Sadly for the north Londoner, it won't be the Olympic Games, which open in his home town two years today. He remains barred from the Games because of the British Olympic Association by-law precluding past doping offenders from selection for the British team. Only yesterday, as he finalised his preparations for tonight's 100m heats, did Chambers learn that there will be European Championships staged in 2012 – although the decision to hold the continental contest biennially, instead of once every four years was actually taken last year. "I've just heard," he said. "I want to get these championships out of the way first and then we'll see what the future holds."

If the Belgrave Harrier sounded less than enamoured with the prospect of chasing gold in Helsinki, rather than London, it was hardly surprising. As consolation prizes go, it promises to be the track and field equivalent of the Crackerjack Pencil. With a home Olympics for the rest of the team to aim at in 2012, and Olympic trials, too, the British squad in the Finnish capital will be of the shadow variety. As Charles van Commenee, the head coach of UK Athletics, put it yesterday: "If we have a European Champs in between the trials and the Olympics, and I select athletes in the track events for the Euros, they will be dead and buried before the Olympic Games start."

Happily for Chambers, the ill feeling that soured his appearance in the last European Championships would now seem to be dead and buried. That was in Gothenburg in 2006, when he helped the British 4x100m relay quartet to victory on the final day – and found himself snubbed by Darren Campbell on the lap of honour. His disgruntled team-mate headed instead for the press box to voice his disapproval at the selection of a former drugs taker.

"We actually spoke at New Year," Chambers said. "I know I was wrong in things I'd done and said. And he didn't conduct himself correctly in 2006. We've both been gentlemen about it and shaken hands and said, 'Let the past be the past'."

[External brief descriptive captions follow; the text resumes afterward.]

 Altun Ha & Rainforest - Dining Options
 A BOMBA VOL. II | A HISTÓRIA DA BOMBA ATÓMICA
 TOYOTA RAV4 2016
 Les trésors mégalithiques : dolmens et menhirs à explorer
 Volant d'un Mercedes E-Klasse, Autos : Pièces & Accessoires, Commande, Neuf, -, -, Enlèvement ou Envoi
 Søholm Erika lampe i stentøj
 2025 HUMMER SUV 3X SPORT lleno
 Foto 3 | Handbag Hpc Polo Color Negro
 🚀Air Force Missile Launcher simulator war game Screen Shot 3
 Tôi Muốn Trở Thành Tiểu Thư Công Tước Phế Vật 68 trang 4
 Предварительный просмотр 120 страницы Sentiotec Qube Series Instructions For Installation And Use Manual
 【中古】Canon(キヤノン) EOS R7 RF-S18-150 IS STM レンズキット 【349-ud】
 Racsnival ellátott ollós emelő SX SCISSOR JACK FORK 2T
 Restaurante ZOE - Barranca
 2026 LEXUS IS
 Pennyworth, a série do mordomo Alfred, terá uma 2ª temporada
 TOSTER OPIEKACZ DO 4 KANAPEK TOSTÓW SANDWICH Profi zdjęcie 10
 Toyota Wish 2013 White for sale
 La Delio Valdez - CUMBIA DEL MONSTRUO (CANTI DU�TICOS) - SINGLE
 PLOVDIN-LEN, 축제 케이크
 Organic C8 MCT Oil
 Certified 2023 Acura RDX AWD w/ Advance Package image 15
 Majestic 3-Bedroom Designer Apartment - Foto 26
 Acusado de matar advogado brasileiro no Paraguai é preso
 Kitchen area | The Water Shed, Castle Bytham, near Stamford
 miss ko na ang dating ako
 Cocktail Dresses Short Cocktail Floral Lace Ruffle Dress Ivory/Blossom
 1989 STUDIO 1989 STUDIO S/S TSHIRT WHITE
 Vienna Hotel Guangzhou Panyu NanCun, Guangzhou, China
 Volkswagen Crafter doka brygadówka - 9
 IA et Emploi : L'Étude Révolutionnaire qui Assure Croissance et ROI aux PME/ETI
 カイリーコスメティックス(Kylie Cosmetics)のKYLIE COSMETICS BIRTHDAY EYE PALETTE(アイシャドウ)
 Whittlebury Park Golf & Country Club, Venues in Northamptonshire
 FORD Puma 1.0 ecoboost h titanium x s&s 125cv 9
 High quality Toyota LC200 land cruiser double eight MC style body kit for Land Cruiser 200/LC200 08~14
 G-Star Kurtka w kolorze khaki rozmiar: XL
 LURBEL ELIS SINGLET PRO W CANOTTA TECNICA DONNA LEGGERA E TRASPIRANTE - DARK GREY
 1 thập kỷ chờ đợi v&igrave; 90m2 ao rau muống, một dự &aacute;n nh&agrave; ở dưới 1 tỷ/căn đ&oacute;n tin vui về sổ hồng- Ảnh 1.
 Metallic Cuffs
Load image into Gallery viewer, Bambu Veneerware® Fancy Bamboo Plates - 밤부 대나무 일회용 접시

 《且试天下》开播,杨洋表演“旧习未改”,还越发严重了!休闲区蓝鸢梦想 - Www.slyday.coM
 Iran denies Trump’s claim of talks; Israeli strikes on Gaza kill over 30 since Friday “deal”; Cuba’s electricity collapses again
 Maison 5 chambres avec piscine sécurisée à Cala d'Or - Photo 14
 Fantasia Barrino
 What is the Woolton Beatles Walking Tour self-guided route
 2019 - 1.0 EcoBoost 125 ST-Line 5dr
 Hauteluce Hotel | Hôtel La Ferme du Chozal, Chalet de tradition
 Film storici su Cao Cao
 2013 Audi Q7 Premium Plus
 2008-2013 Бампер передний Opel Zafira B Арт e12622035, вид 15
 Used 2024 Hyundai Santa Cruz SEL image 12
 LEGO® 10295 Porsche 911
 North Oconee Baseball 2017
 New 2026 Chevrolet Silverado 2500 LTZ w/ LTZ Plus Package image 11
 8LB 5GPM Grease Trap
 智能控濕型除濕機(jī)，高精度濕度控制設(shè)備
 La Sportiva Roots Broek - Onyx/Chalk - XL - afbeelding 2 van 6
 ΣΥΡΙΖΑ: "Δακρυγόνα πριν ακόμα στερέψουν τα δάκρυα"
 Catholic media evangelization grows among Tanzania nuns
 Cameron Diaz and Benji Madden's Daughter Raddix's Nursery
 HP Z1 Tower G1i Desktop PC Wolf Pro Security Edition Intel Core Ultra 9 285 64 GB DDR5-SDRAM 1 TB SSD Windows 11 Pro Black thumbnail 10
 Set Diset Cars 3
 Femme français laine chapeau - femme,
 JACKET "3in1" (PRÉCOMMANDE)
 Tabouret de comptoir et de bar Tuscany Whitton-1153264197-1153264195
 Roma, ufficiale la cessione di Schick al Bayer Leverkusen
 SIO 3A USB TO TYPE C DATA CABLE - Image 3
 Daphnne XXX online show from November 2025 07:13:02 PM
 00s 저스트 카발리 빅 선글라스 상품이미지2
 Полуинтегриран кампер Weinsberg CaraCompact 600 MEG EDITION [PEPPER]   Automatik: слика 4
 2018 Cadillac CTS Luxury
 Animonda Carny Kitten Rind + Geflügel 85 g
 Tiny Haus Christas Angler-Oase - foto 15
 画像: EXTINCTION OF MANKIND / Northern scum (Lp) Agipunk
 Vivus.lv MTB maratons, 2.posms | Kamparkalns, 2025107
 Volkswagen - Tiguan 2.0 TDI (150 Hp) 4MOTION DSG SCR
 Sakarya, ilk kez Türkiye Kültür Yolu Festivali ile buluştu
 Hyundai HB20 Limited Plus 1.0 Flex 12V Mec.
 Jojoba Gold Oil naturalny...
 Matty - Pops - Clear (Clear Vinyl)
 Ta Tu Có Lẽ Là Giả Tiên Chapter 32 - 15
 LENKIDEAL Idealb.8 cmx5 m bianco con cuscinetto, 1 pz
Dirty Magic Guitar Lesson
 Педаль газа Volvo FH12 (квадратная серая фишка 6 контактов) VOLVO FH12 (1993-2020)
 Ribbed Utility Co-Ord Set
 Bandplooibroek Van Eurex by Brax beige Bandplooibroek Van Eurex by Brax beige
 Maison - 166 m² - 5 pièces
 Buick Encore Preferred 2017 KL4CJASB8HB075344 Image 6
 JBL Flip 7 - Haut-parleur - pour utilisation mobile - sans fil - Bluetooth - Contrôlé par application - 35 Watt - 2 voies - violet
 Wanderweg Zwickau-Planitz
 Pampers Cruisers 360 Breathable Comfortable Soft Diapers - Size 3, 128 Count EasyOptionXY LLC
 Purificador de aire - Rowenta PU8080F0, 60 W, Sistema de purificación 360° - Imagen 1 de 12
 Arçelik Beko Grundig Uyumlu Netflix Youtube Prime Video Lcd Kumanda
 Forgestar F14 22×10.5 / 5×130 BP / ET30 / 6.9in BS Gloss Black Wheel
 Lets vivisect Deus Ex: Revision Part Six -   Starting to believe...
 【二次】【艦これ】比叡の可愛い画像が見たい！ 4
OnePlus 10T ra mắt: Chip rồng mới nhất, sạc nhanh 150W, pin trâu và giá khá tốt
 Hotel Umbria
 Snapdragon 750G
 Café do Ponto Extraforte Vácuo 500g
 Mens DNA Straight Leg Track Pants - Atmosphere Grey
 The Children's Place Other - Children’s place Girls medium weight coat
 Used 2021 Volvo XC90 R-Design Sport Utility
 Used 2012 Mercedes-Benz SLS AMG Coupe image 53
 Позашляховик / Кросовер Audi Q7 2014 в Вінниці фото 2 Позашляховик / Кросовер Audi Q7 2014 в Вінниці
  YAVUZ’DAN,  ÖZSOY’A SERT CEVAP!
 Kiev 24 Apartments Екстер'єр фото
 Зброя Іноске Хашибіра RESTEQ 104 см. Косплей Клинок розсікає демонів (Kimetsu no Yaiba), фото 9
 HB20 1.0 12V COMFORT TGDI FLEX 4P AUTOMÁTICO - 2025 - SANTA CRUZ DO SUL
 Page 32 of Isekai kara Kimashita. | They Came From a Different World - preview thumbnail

For Chambers, the past also includes the 100m gold medal he won at the 2002 European Championships in Munich, before he was disqualified in retrospect after failing a drugs test in 2003. "That's gone," he said. "I had to give the medal back. I put it in a package and sent it. It wasn't a comfortable feeling, but I knew that what I was doing in 2002 was wrong and that sending the medal back was the punishment for it."